Identifying Fixed Assets

The standard deals with the accounting for tangible fixed assets. The standard does not take into consideration the specialized aspect of accounting for fixed assets reflected with the effects of price escalations but applies to financial statements on historical cost basis. An entity should disclose

  • the gross and net book values of fixed assets at beginning and end of an accounting period showing additions, disposals, acquisitions and other movements,
  • expenditure incurred on account of fixed assets in the course of construction or acquisition,
  • revalued amounts substituted for historical costs of fixed assets with the method applied in computing the revalued amount.

Fixed asset is an asset held with the intention of being used for the purpose of producing or providing goods or services and is not held for sale in the normal course of business. Stand-by equipment and servicing equipment are normally capitalised. Machinery spares are usually charged to the profit and loss statement as and when consumed. However, if such spares can be used only in connection with an item of fixed asset, it may be appropriate to allocate the total cost on a systematic basis over a period not exceeding the useful life of the principal item.

Machinery Spares

Whether to capitalise a machinery spare or not will depend on the facts and circumstances of each case. However, the machinery spares of the following types should be capitalised being of the nature of capital spares/insurance spares –

Machinery spares which are specific to a particular item of fixed asset, i.e., they can be used only in connection with a particular item of the fixed asset and their use is expected to be irregular.

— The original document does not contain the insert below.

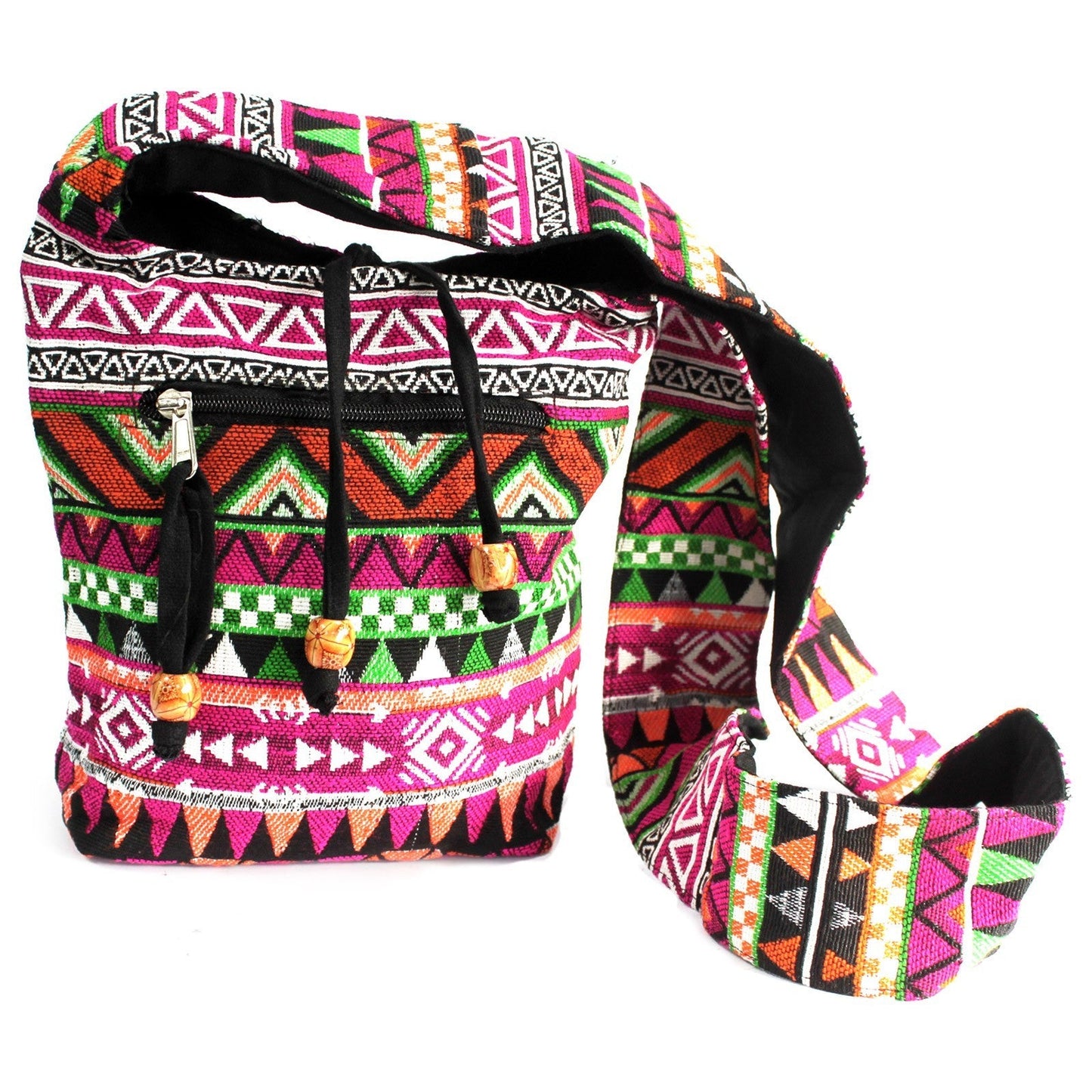 Jacquard Nepal Style Sling Bag β Festival Fuchsia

Machinery spares of the nature of capital spares/insurance spares should be capitalised separately at the time of their purchase whether procured at the time of purchase of the fixed asset concerned or subsequently. The total cost of such capital spares/insurance spares should be allocated on a systematic basis over a period not exceeding the useful life of the principal item, i.e., the fixed asset to which they relate.

When the related fixed asset is either discarded or sold, the written down value less disposal value, if any, of the capital spares/insurance spares should be written off.

The stand-by equipment is a separate fixed asset in its own right and should be depreciated like any other fixed asset.